• [Data extract]:
◆ ◆ ◆ ◆
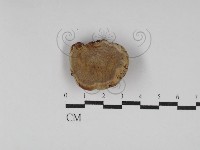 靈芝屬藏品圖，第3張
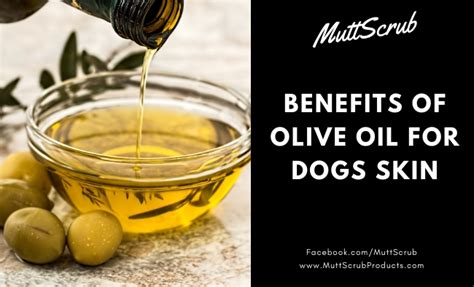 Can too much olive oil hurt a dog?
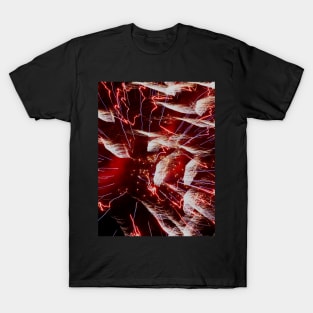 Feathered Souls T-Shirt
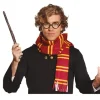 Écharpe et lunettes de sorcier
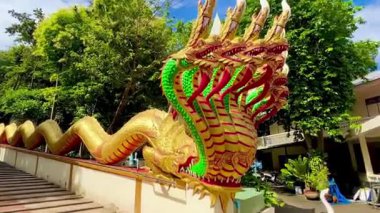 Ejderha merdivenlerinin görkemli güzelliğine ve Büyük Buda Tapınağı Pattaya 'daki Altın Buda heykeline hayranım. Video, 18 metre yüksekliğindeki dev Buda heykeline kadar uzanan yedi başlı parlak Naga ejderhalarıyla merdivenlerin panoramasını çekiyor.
◆ ◆ ◆ ◆
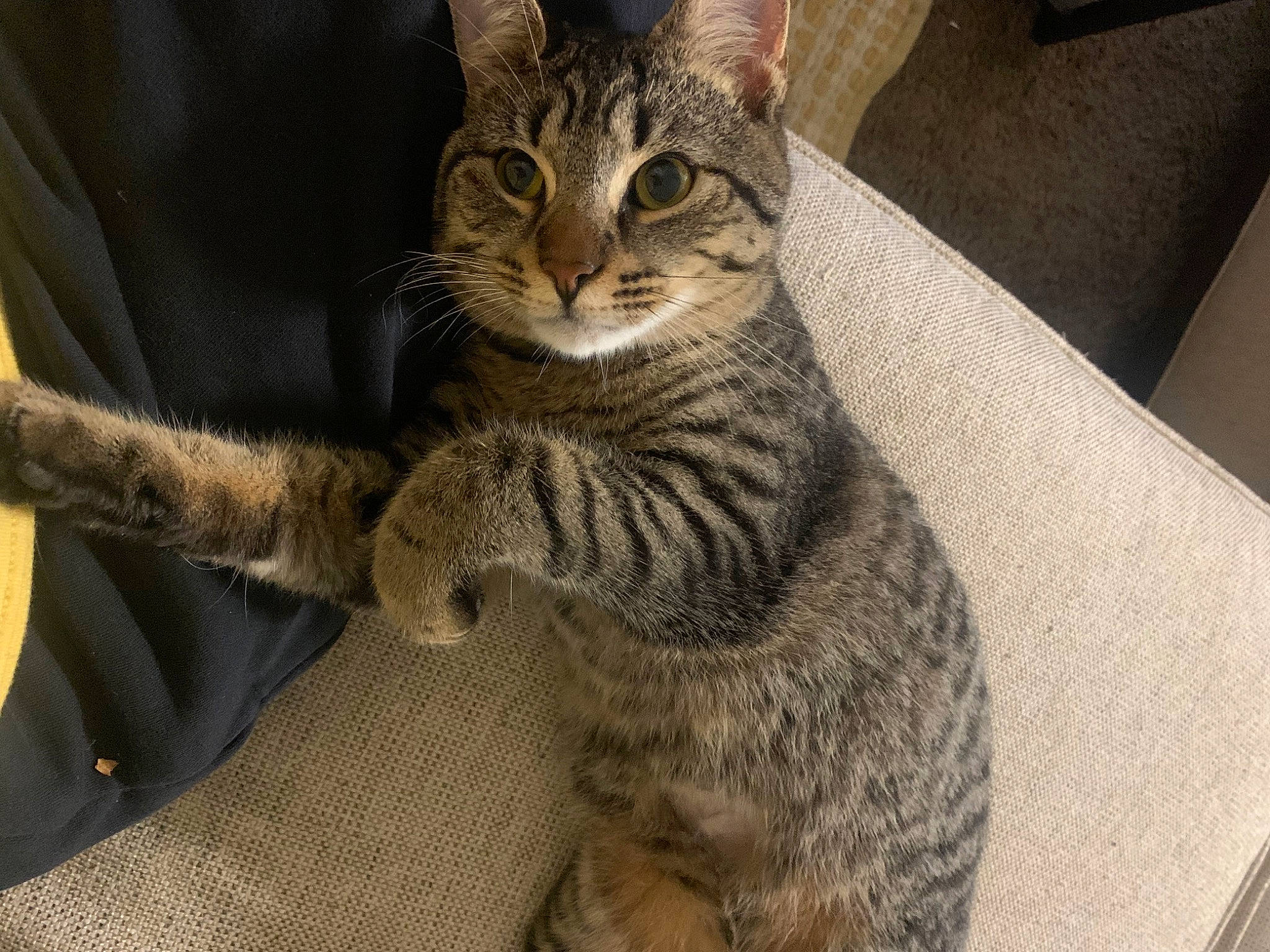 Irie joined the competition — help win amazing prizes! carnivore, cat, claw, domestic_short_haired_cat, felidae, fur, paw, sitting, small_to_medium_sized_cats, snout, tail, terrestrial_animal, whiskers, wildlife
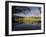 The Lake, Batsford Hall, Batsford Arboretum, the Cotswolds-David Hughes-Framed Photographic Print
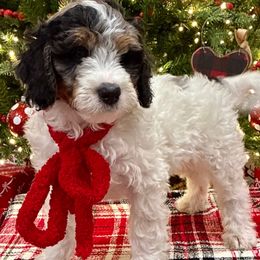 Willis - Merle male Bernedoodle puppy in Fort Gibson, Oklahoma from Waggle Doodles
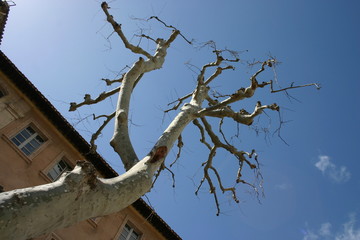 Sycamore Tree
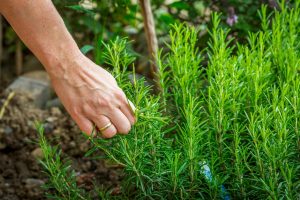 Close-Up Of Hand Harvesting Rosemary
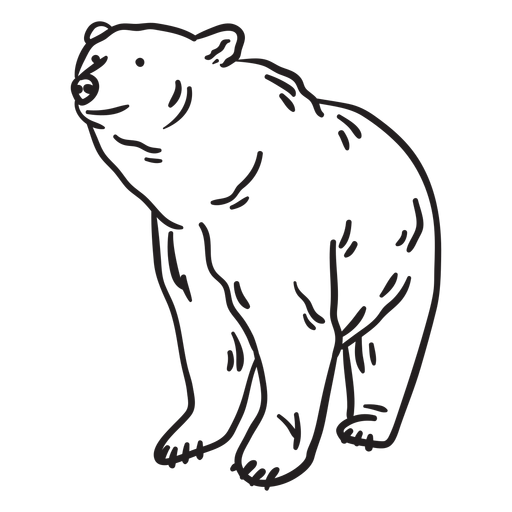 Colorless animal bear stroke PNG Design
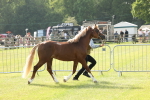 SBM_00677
◆ ◆ ◆ ◆
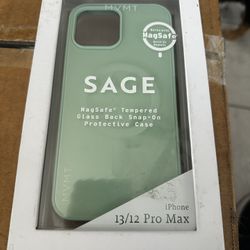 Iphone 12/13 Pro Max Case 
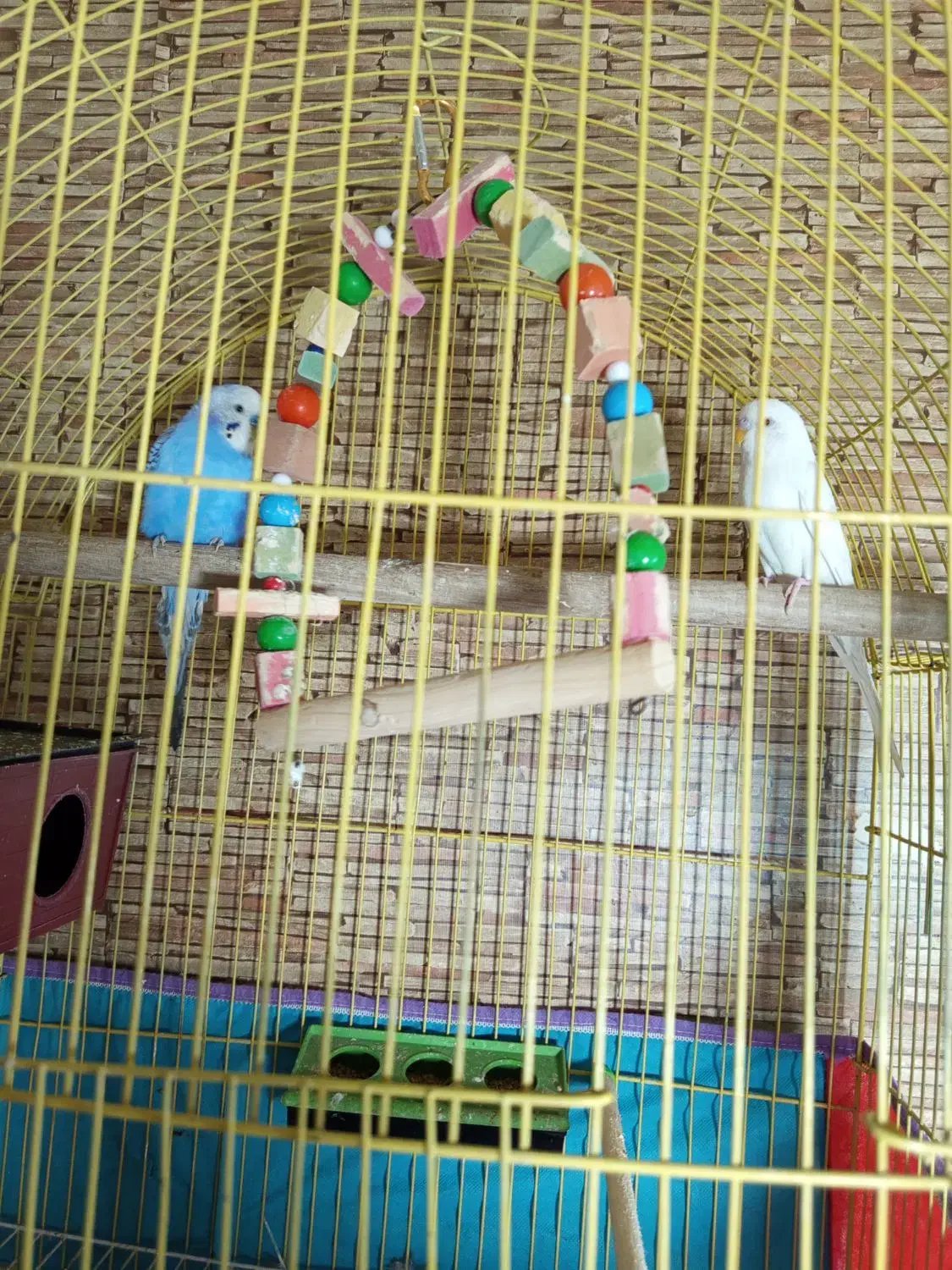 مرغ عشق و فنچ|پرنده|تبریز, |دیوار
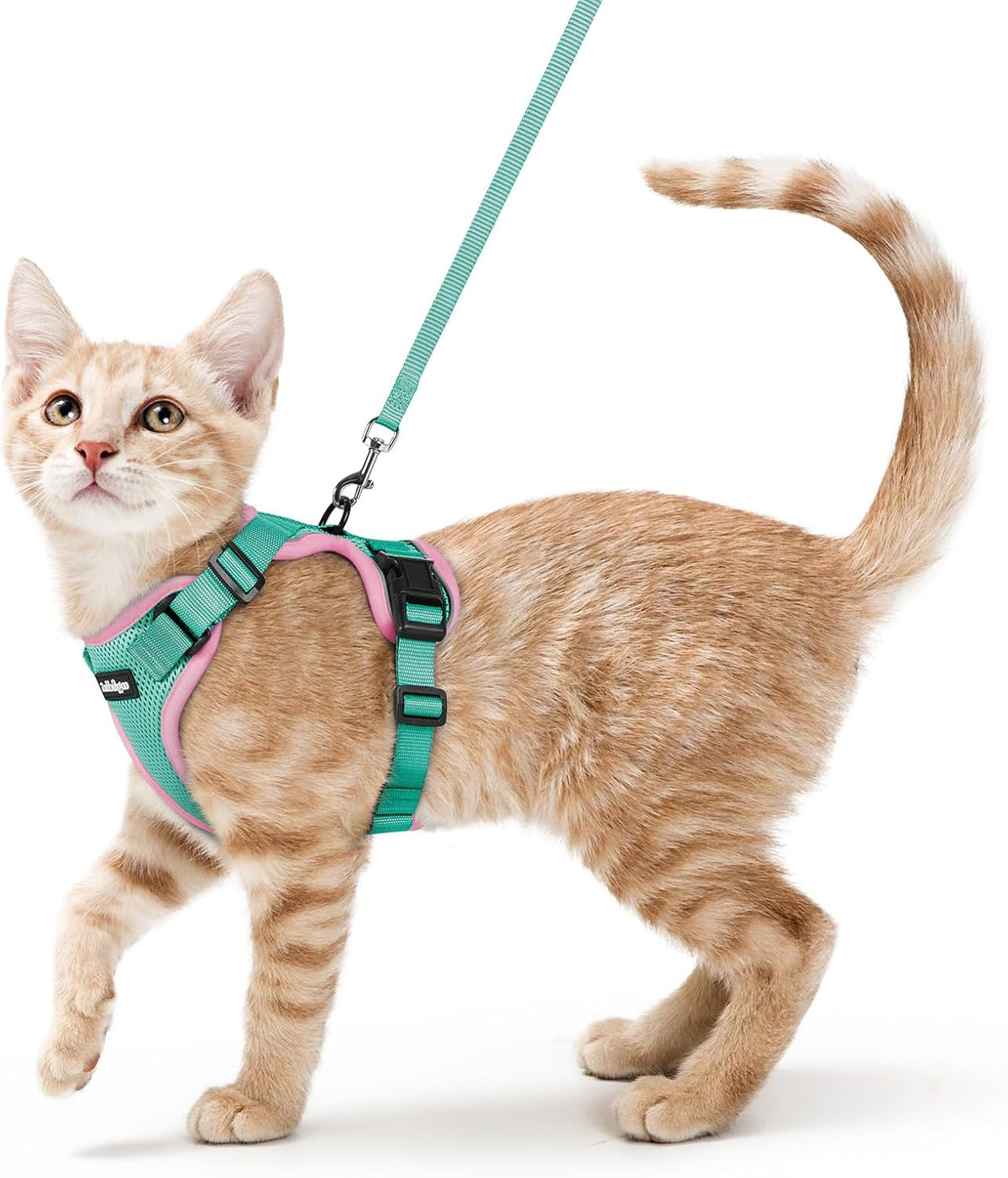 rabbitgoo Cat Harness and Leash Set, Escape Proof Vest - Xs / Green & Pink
◆ ◆ ◆ ◆
• [What the task requires]: Copy the lines above exactly, starting with the line that contains "Can too much olive oil hurt a dog?" and ending with the line that contains "Ejderha merdivenlerinin görkemli", and leave out any pictures.

• [Output for this exercise]:
 Can too much olive oil hurt a dog?
 Feathered Souls T-Shirt
 Écharpe et lunettes de sorcier
 Ejderha merdivenlerinin görkemli güzelliğine ve Büyük Buda Tapınağı Pattaya 'daki Altın Buda heykeline hayranım. Video, 18 metre yüksekliğindeki dev Buda heykeline kadar uzanan yedi başlı parlak Naga ejderhalarıyla merdivenlerin panoramasını çekiyor.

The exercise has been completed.